Start of RECORDS SHOWN

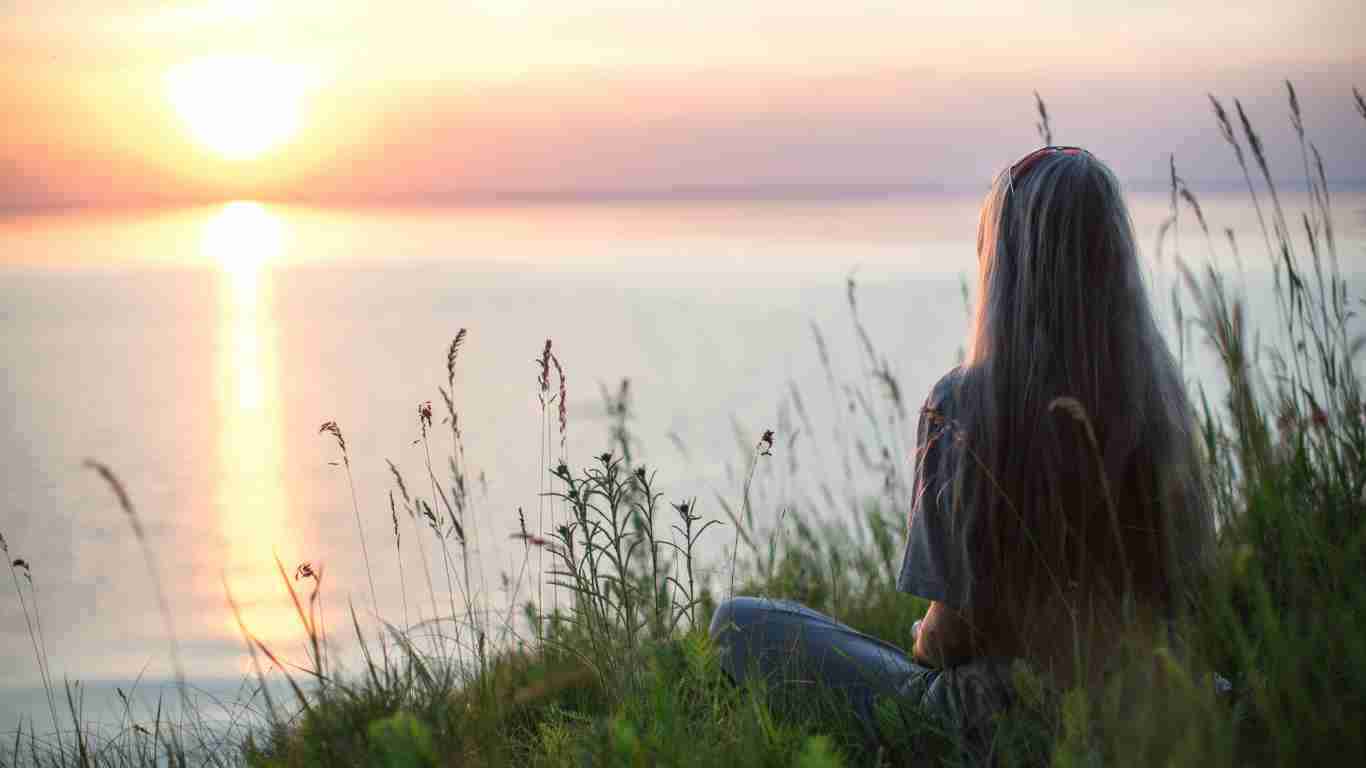 A woman enjoying a lovely sunrise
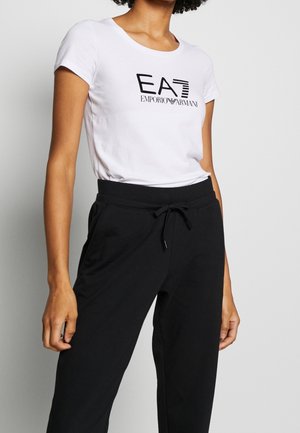 Vrouw draagt een wit EA7 Emporio Armani logot-shirt en zwarte broek met koordje tegen een effen lichte achtergrond.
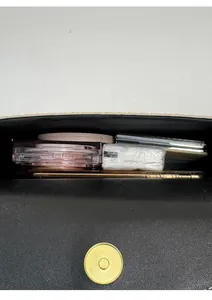 Top view of black crossbody bag interior showing storage space for phone and makeup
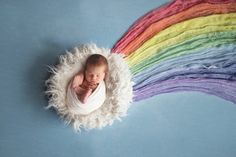 a baby wrapped in a blanket is laying on top of a rainbow - colored backdrop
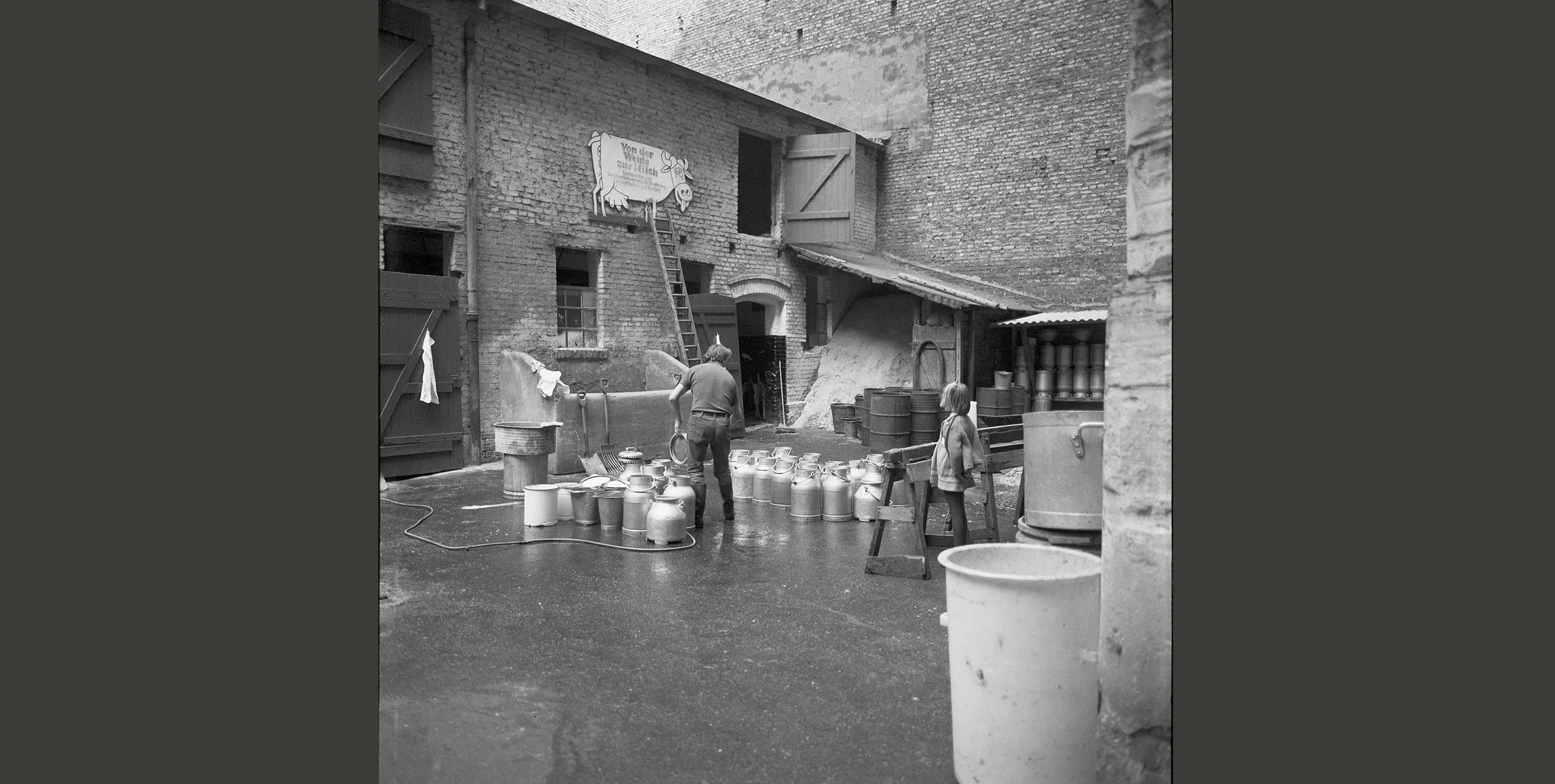 Historisches Schwarz-Weiß-Foto: ein Mann in einem Innenhof, in dem diverse Milchkannen stehen. An einer Remise im Hintergrund ist ein großes Schild in Form einer Kuh zu sehen. Aufschrift: Von der Weide zur Milch." Foto: Landesarchiv Berlin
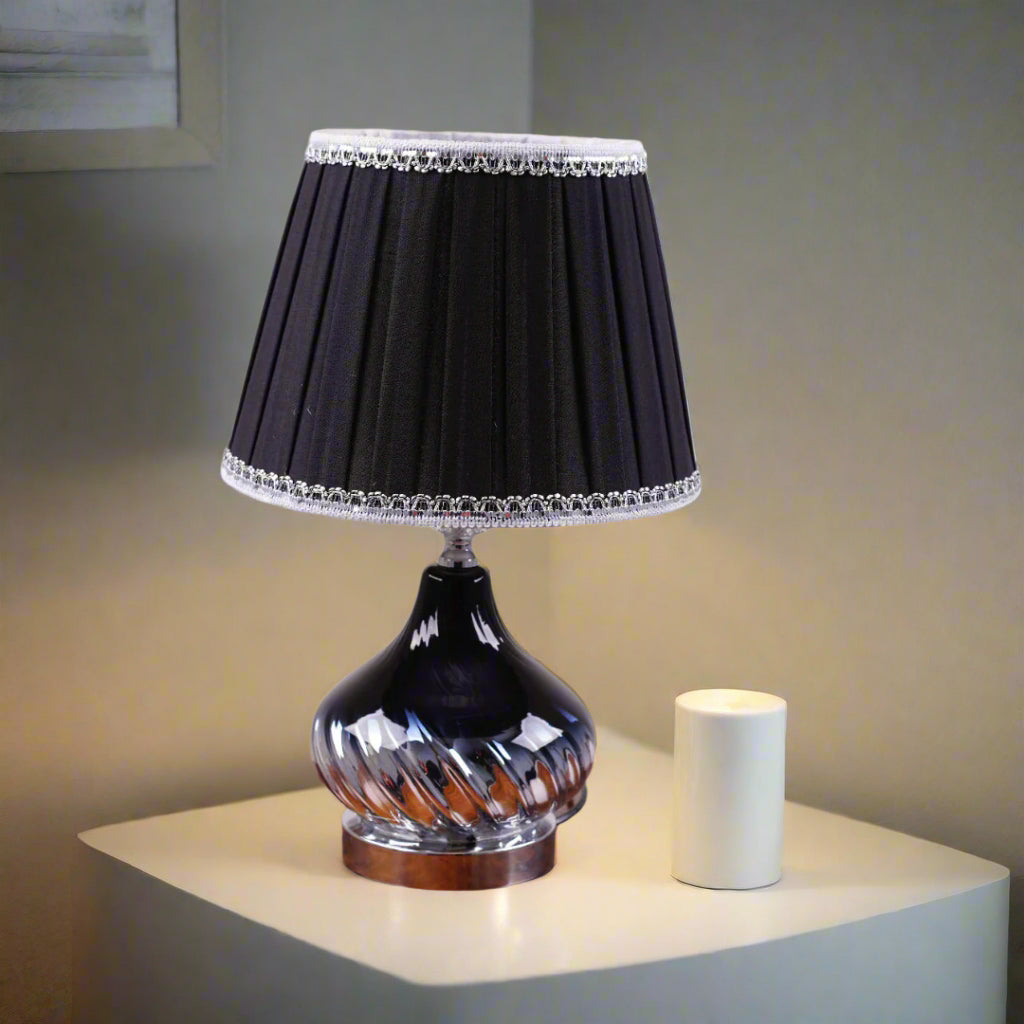 An elegant table lamp with a chic twisted silver base and a classic black lampshade. Equipped with an E27 LED light, it casts a warm and sophisticated glow.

End of RECORDS SHOWN

EXERCISE:
Once you find the line that contains "Top view of", give it again along with every later line through the end of the data, word for word, minus the pictures.

WRITTEN RESPONSE:
 Top view of black crossbody bag interior showing storage space for phone and makeup
 a baby wrapped in a blanket is laying on top of a rainbow - colored backdrop
 Historisches Schwarz-Weiß-Foto: ein Mann in einem Innenhof, in dem diverse Milchkannen stehen. An einer Remise im Hintergrund ist ein großes Schild in Form einer Kuh zu sehen. Aufschrift: Von der Weide zur Milch." Foto: Landesarchiv Berlin
 An elegant table lamp with a chic twisted silver base and a classic black lampshade. Equipped with an E27 LED light, it casts a warm and sophisticated glow.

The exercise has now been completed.